Desde ese momento todo pasó muy rápido. Echo la vista atrás y sigo sin saber cómo empezó esta aventura; quiero decir, sé cómo llegué a Castellón, sí, pero no los motivos reales que latían debajo de mis últimas decisiones y que, puedo afirmar hoy, han terminado por cambiar mi vida tal y como yo la conocía. Desconozco si toda la cadena de acontecimientos obedecía a un deseo hasta entonces no reconocido de estrellato o fama; o si simplemente estaba escuchando mi voz interior. La de mi colon, para más exactitud. Lo único que sabía era que me sentía muy vivo. Con eso es suficiente, me dije, y tiré pa’lante, como bien saben hacer los paisanos de estas tierras.
El padre me presentó a su primo, Toñín, al que por aquel entonces se tenía por el mejor guitarrista de su pedanía. Tenía unos dedos gordos y vacilantes, y al acariciar las cuerdas del instrumento, la microbiota de mi tripa iniciaba su letanía flamenca, un jipío hondo y sentío, que a más de uno y de una arrancó una lágrima. Nos sentábamos por la noche, esas noches eternas de verano, acompañados por el rumor de los grillos y una jarrita de vino de la comarca, entonces mi flora flamenca recordaba una vieja copla dedicada a algún insigne bandolero:
Dicen que yo soy ladrón
porque salgo a un ventorrillo
y le aligero el bolsillo
a algún grande ventorrón
Al poco tiempo, y con el padre de la familia como promotor, nos embarcamos en una serie de conciertos por todo el Levante español. Causamos auténtico furor por cada pueblo que visitamos. Nos recibían con los brazos abiertos y nos despedían entre vítores y aplausos.

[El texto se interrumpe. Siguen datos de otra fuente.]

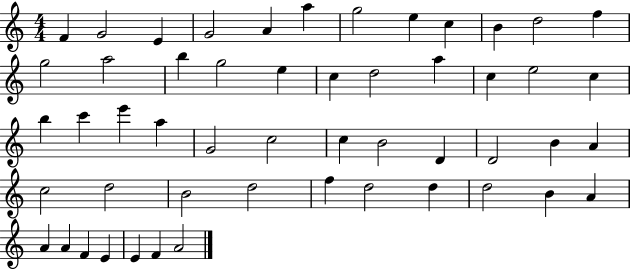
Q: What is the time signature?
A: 4/4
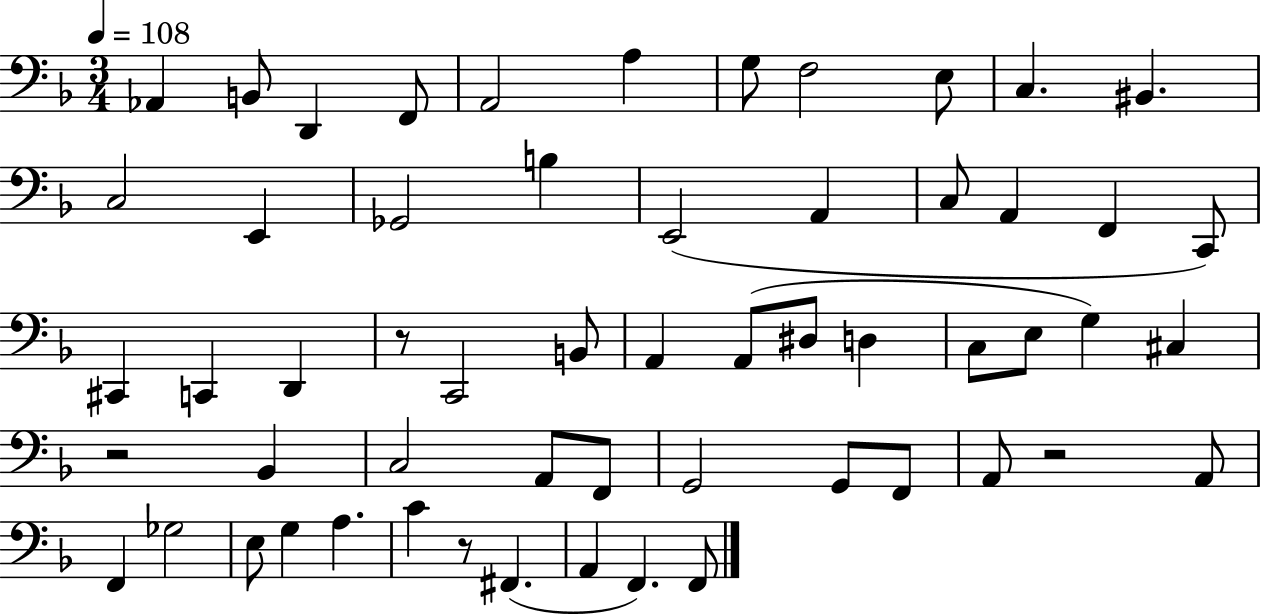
{
  \clef bass
  \numericTimeSignature
  \time 3/4
  \key f \major
  \tempo 4 = 108
  aes,4 b,8 d,4 f,8 | a,2 a4 | g8 f2 e8 | c4. bis,4. | \break c2 e,4 | ges,2 b4 | e,2( a,4 | c8 a,4 f,4 c,8) | \break cis,4 c,4 d,4 | r8 c,2 b,8 | a,4 a,8( dis8 d4 | c8 e8 g4) cis4 | \break r2 bes,4 | c2 a,8 f,8 | g,2 g,8 f,8 | a,8 r2 a,8 | \break f,4 ges2 | e8 g4 a4. | c'4 r8 fis,4.( | a,4 f,4.) f,8 | \break \bar "|."
}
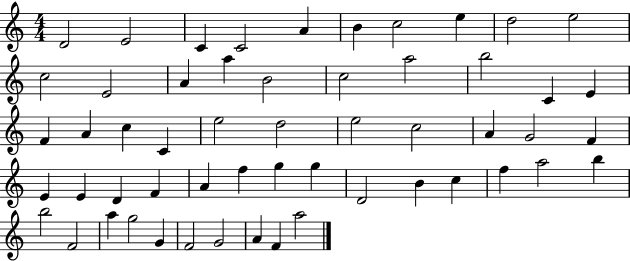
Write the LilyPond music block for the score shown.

{
  \clef treble
  \numericTimeSignature
  \time 4/4
  \key c \major
  d'2 e'2 | c'4 c'2 a'4 | b'4 c''2 e''4 | d''2 e''2 | \break c''2 e'2 | a'4 a''4 b'2 | c''2 a''2 | b''2 c'4 e'4 | \break f'4 a'4 c''4 c'4 | e''2 d''2 | e''2 c''2 | a'4 g'2 f'4 | \break e'4 e'4 d'4 f'4 | a'4 f''4 g''4 g''4 | d'2 b'4 c''4 | f''4 a''2 b''4 | \break b''2 f'2 | a''4 g''2 g'4 | f'2 g'2 | a'4 f'4 a''2 | \break \bar "|."
}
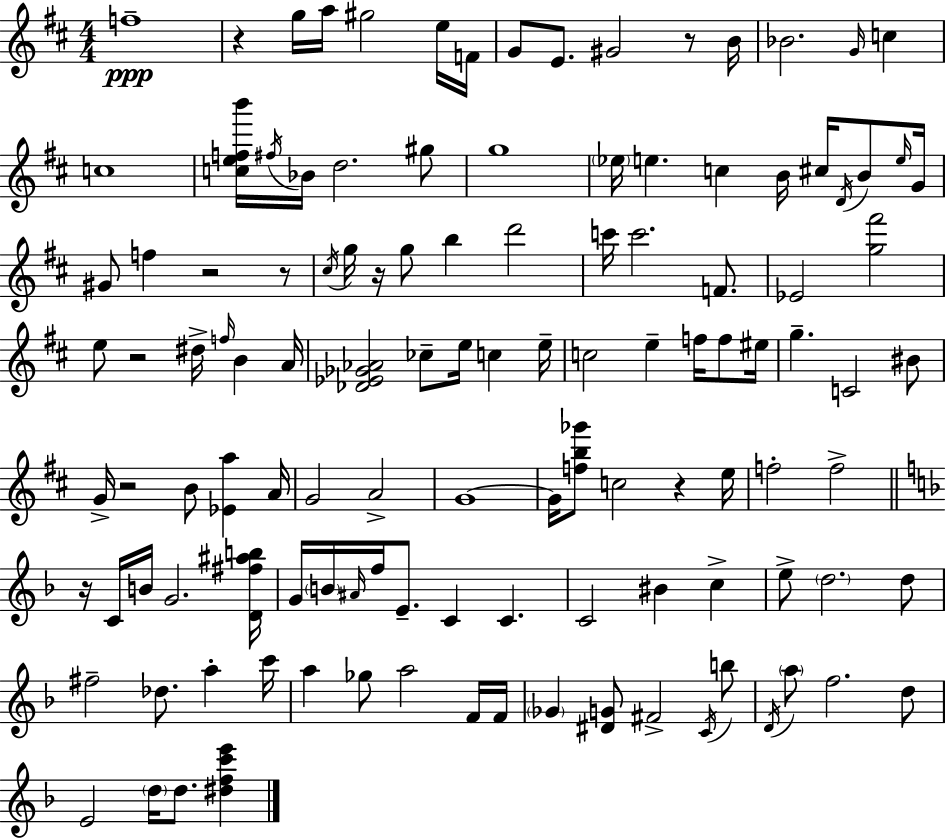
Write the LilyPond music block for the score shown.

{
  \clef treble
  \numericTimeSignature
  \time 4/4
  \key d \major
  f''1--\ppp | r4 g''16 a''16 gis''2 e''16 f'16 | g'8 e'8. gis'2 r8 b'16 | bes'2. \grace { g'16 } c''4 | \break c''1 | <c'' e'' f'' b'''>16 \acciaccatura { fis''16 } bes'16 d''2. | gis''8 g''1 | \parenthesize ees''16 e''4. c''4 b'16 cis''16 \acciaccatura { d'16 } | \break b'8 \grace { e''16 } g'16 gis'8 f''4 r2 | r8 \acciaccatura { cis''16 } g''16 r16 g''8 b''4 d'''2 | c'''16 c'''2. | f'8. ees'2 <g'' fis'''>2 | \break e''8 r2 dis''16-> | \grace { f''16 } b'4 a'16 <des' ees' ges' aes'>2 ces''8-- | e''16 c''4 e''16-- c''2 e''4-- | f''16 f''8 eis''16 g''4.-- c'2 | \break bis'8 g'16-> r2 b'8 | <ees' a''>4 a'16 g'2 a'2-> | g'1~~ | g'16 <f'' b'' ges'''>8 c''2 | \break r4 e''16 f''2-. f''2-> | \bar "||" \break \key d \minor r16 c'16 b'16 g'2. <d' fis'' ais'' b''>16 | g'16 \parenthesize b'16 \grace { ais'16 } f''16 e'8.-- c'4 c'4. | c'2 bis'4 c''4-> | e''8-> \parenthesize d''2. d''8 | \break fis''2-- des''8. a''4-. | c'''16 a''4 ges''8 a''2 f'16 | f'16 \parenthesize ges'4 <dis' g'>8 fis'2-> \acciaccatura { c'16 } | b''8 \acciaccatura { d'16 } \parenthesize a''8 f''2. | \break d''8 e'2 \parenthesize d''16 d''8. <dis'' f'' c''' e'''>4 | \bar "|."
}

Dicen que la música amansa a las fieras pero tengo mis dudas. El público, en una ocasión, enardecido por nuestras canciones e inflamado por el alcohol, fue directo a los toriles y liberó a dos becerros y un novillo, que corretearon a sus anchas por las calles del pueblo durante toda la noche. Por suerte, no ocurrió ninguna desgracia y estamos todos bien.
Fue una época intensa pero muy bonita. Lejos quedaban los días de civismo y bandera en los que mi único deber era el de repoblar España. Ahora, brotaba de mi tripa, como un fuego interno, un cometido aún mayor, y alcanzaba su máxima expresión en las plazas de ayuntamientos, polideportivos y centros culturales. Cómo no, los más puristas, los fariseos del quejío y de la copla, nos saltaron al cuello. Alguno se atrevió incluso a decir que las palmas de mi tripa eran provocadas por un colon irritable. La incomprensión inicial por parte de los reaccionarios flamencos, los popes de las grandes familias gitanas, no hizo más que añadirnos un aura de culto y de músicos malditos. Los enfants terribles de Castellón, nos llamaban.
En fin, Mamá, no sé qué me deparará el resto de verano, pero me siento bien aquí, con Toñín y el padre, que es su primo, por cierto. Siento que, por primera vez en mi vida, estoy haciendo lo que debo de hacer, ¿sabes? Además, acabo de aprender un nuevo movimiento musical; si contorsiono los pliegues de la barriga, así, como metiendo y sacando el ombligo con cierto ritmo peristáltico, la microbiota comienza a dar un zapateao precioso, acompasado totalmente con la guitarra. Ojalá pudieras oírlo… Dicen que no se ha escuchado una flora intestinal con tanto duende desde hace décadas, por lo menos. Y tú, madre, que creías que yo era de tripa débil.
Bueno, no me quiero extender mucho más. Te mantengo al tanto con lo que vaya pasando y, de verdad, no te preocupes. Toñín me ha dicho que hay que exprimir este momento, ¡que dure lo que tenga que durar! Yo, por ahora, quiero seguir con esto hasta que mi tripa aguante.